Ah Reum  tak bisa berteman dengan anak seusianya, tapi ia akrab dengan seorang kakek tetangga, kakek Jang. Ah Reum menceritakan soal orang tuanya yang jatuh cinta di usia 17 tahun. Bukan 27, tapi 17 tahun. Kakek Jang maklum, Romeo dan Juliet juga jatuh cinta di usia segitu. Ia malah merasa iri dengan cinta di masa muda mereka. Cinta di musim semi, seperti awal hidup mereka. Kakek Jang tertawa, yakin kalau ayah Ah Reum panik saat mengetahui ia akan menjadi ayah.


Flashback. Dae Soo tak bisa menyembunyikan kekagetannya saat Mi Ra memberitahu kehamilannya, “Kau tak akan melahirkannya kan? Aku baru 17 tahun!”

“Aku juga 17 tahun!” sahut Mi Ra. Tapi Dae Soo tak percaya diri, ia bodoh, keluarganya miskin, tak punya masa depan, dan lagi ia tak punya ibu yang bisa membantu membesarkan anak itu. Belum lagi jika kabar ini tersebar, Mi Ra bisa dikeluarkan dari sekolah. Bagaimana bisa mereka membesarkan anak?


Mi Ra berkata ibunya juga dikeluarkan dari sekolah tapi ia baik-baik saja. Dae Soo tak yakin Mi Ra akan baik-baik  saja jika semua orang tau. Mi Ra menghela napas kesal, dan berbisik pada Dae Soo, “Ada serangga yang menyamar menjadi kotoran burung untuk bertahan hidup. Kau terlihat persis seperti serangga itu.”

Choi Mi Ra, ibuku. Bungsu dari 6 bersaudara, dengan 5 saudara laki-laki. Dan ayahku menghamilinya.”

 

Begitu keluarganya tau, Dae Soo langsung dikejar-kejar semua kakak Mi Ra. Dan Mi Ra dapat amukan ayahnya. Ibu berusaha melindungi putrinya, tapi ayah yang marah memukul Mi Ra di kepala. “Sial,” jawab Mi Ra refleks sambil memegangi kepala dan melindungi perutnya. Ia berteriak kalau ibu juga melahirkan kakaknya saat 17 tahun! Ayah mendesak Mi Ra mengatakan siapa ayahnya.


Julukan ibu saat masih kecil adalah Putri Sial.

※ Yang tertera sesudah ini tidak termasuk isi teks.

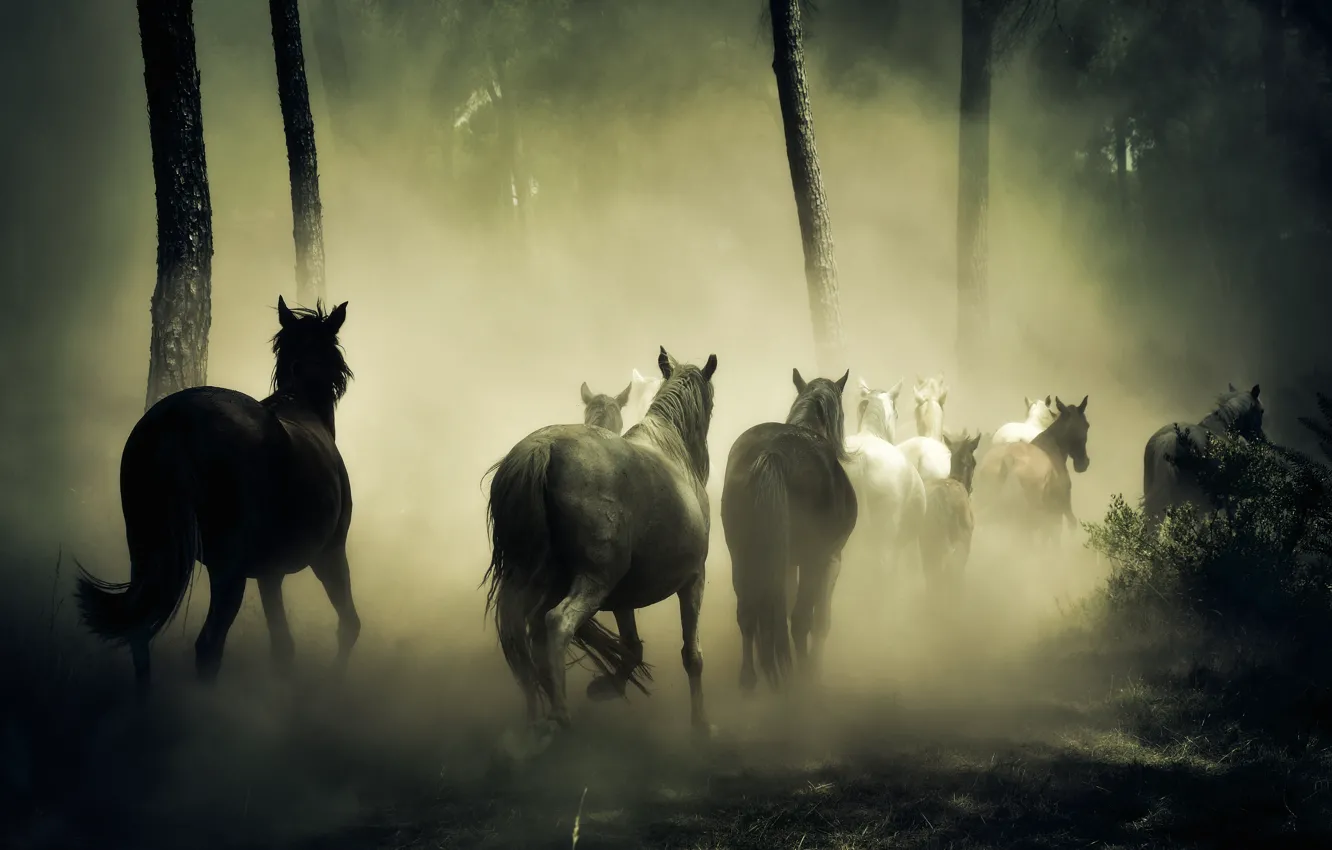 Photo wallpaper forest, fog, horses, horse, gallop, the herd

Semua itu berkat ajaran para pamanku.

Sementara itu Dae Soo yang emosi pada wasit saat pertandingan taekwondo, malah tak sengaja menendang kepala sekolahnya.

 

Ayahku mantan atlet taekwondo dan dia jadi terkenal di kotanya karena menendang kepala sekolahnya


Akibatnya ia ditampar berkali-kali oleh pelatihnya. Sampai rumah, ia masih ditampar berkali-kali oleh ayahnya karena menghamili anak orang. Dae Soo yang tak kalah emosi berkata ia akan berhenti sekolah, dan tak akan pernah kembali ke rumah. Ia benar-benar pergi dan tak pernah kembali.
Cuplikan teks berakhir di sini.